19 Mayıs törenleri gözaltında

Akademik kariyeri kendinden menkul, Milli Eğitim Bakanı Ömer Bey yayınladıkları bir “Fetva” ile, 19 Mayıs Gençlik ve Spor Bayramının sadece Ankara’da Stat’da kutlanacağını duyurdu. Mazereti de havalar soğuk, gençler üşüyor. Bunu söyledikten sonra da ülkenin en soğuk kentlerinden birini göreve uygun buluyordu. Amaç şuydu madem ki Anıtkabir, Ankara’dadır o halde Gazi’yi anımsatacak her öğede bu kentte gömülmelidir. Bu bağlamda tek tesellim bu törenlerin Silivri’ye gönderilmemesidir. Herhalde bu şirin ilçenin stadını küçük buldular diye de düşünmeden edemedim.

Geçen hafta İstanbul aydınları caddeleri doldurmuştu. Hem Dink’in ölüm gününü anıyor, hem de davayla ilgili kararı protesto ediyorlardı. Şişli ve Nişantaşı’nın çağcıl Belediye Başkanı da Agos’un önüne “Türkçe-Ermenice” öldüğü yeri belirleyen bir taş koydu, iyi de yaptı.

Dinçer’i sizlere yeniden tanıtmaya gerek yok. Eline kalemi aldığı ilk günden beri, Cumhuriyet döneminin tüm dönüşümlerine karşı koymasıyla maruftur. Cemaat’in has adamlarından biridir. Böyle konuşması da garipsenemez. Beni asıl ürküten ana muhalefet partisinin ürkekliğidir. Gerçi 19 Mayıs’a sahip çıkacağız diyorsa da biraz fısıldar gibi diyor.

Ne yazık ki Cumhuriyetle kazanılmış tüm değerlerine, medya bigane Cumhuriyete karşıt Ahmet Kabaklı’nın köşe yazarı olduğu Tercüman’ın Ece’si, bu tutucu yazarın istediği her şeyi 1920’ler Holywood’un sarışın afeti Jean Harlow’un yaşayan örneği olarak ekranlara yansıtıyor.

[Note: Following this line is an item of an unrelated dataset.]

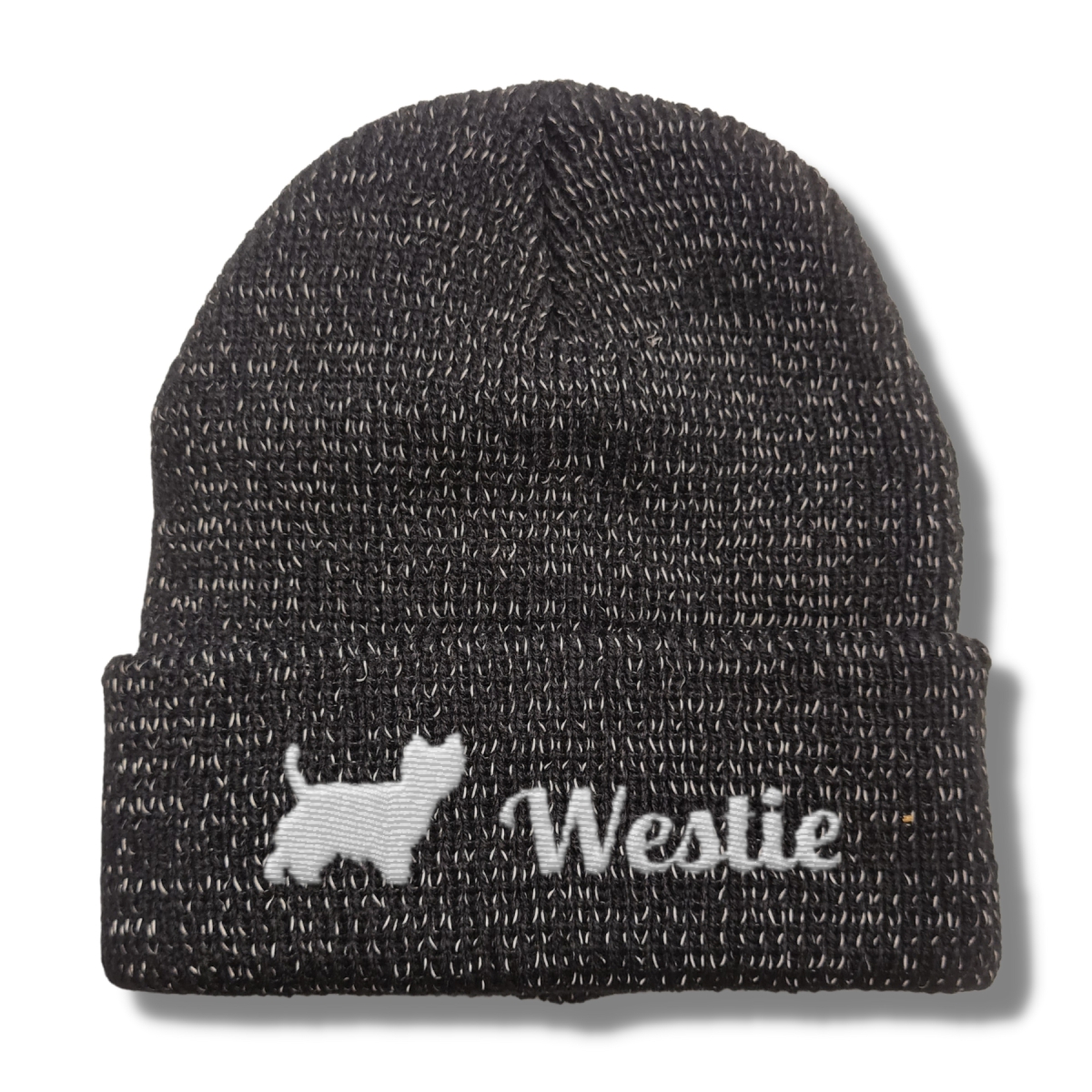 Westie reflektierende Mütze Stickerei Hund Winter Strickmütze reflex Beanie warm kalt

Ne yazık ki karşısında yer alan Altan Öymen ise bu “yılan dile” cevap verecek acarlığa sahip değil.

Çelik ve benzerleri niçin 19 Mayıs’a karşı: Bunun nedeni her şeyden önce Gazi’nin 1927’de, Halk Fırkasının kurultayında ki söylevinin son paragrafındaki gençliğe yönelik sözleridir. Bu sözleri benim kuşağım ezbere bilir ne yazık ki günümüzün kuşakları habersizdir. Büyük Nutkun finalinde söylenilenin özü şudur: “Tüm özel ve kamusal kazanımları elinizden alacak, tahrip edecekler çıkabilir. Kötümser olmayın çünkü onları yenecek güç damarlarınızda mevcuttur”.

Eğer bu sözler hatırlanacak olursa günümüzün “Osmanlı dönemini restore etmek” çabasındaki AKP zihniyetinin temel niteliği hemen ortaya çıkacaktır.
19 Mayıs törenlerinin vurguladığı bir başka noktada Kadın-Erkek eşitliğinin öne çıkartılmasıdır. Bu eşitliğin kavranması Cumhuriyet değerlerinin kalıcılaşmasının ana öğesidir.

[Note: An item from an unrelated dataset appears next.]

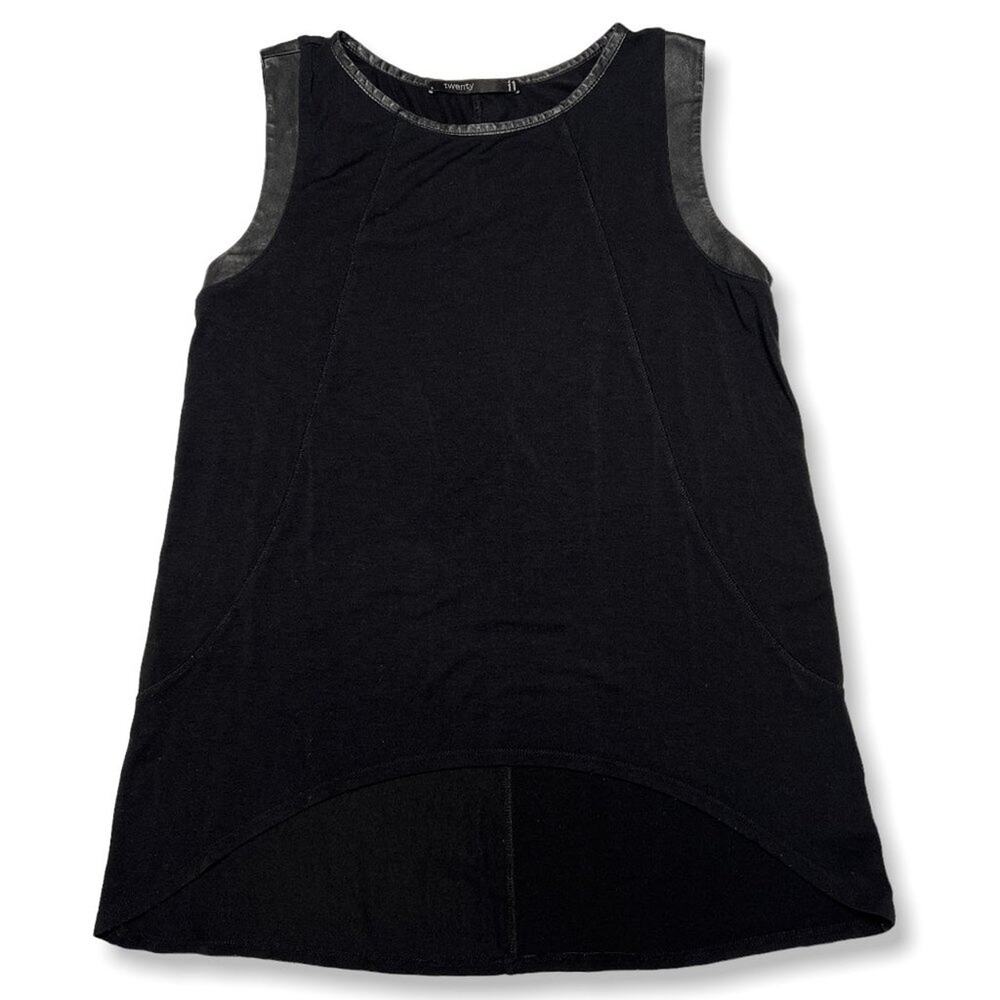 Twenty Leather Trim Tank Top SIZE S Black Sleeveless Made in Canada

Çelik diyor ki “Daha coşkulu kutlanacak”. Hayır. Cemaat'in denetimindeki polis sokaklarda yapılacak yürüyüşleri copla, gazla tövbe ettirircesine bastıracaktır. Öte yandan stat’da yapılacak törenin yalnız Ankara’da gerçekleşmesi de bize dayatılan ve Milli Mücadele ile paçavra’ya dönen Sevr’in zımnen onaylanmasıdır.

Tüm bu kanıtlar gidilen yolun sonundaki karanlığın görüntüleridir. Kendimize söylemekten bile korktuğumuz gerçek, sonunu göremediğimiz bir karanlık tünelde gittiğimizdir. Seçim öncesi AKP’nin TV ekranlarında ki tünel ve “Hayaldi, gerçek oldu” sloganının altındaki anlam budur.

Suskunluk…ve Korku…Bu duvarı aşmak için yeni bir 19 Mayıs’a ihtiyacımız var. Gerçek eşitliğe, tam bağımsızlığa ve çağcıl bir demokrasiye kavuşmak için: Hep Birlikte Sokaklarda Yürüyelim ve Haykıralım.

Dağ başını duman almış,
Yürüyelim arkadaşlar…

1919’un en karanlık günlerindeki inancı anlatan ve unutturulmaya çalışılan bu marş, bugünde inancımızın, kararlılığımızın simgesidir.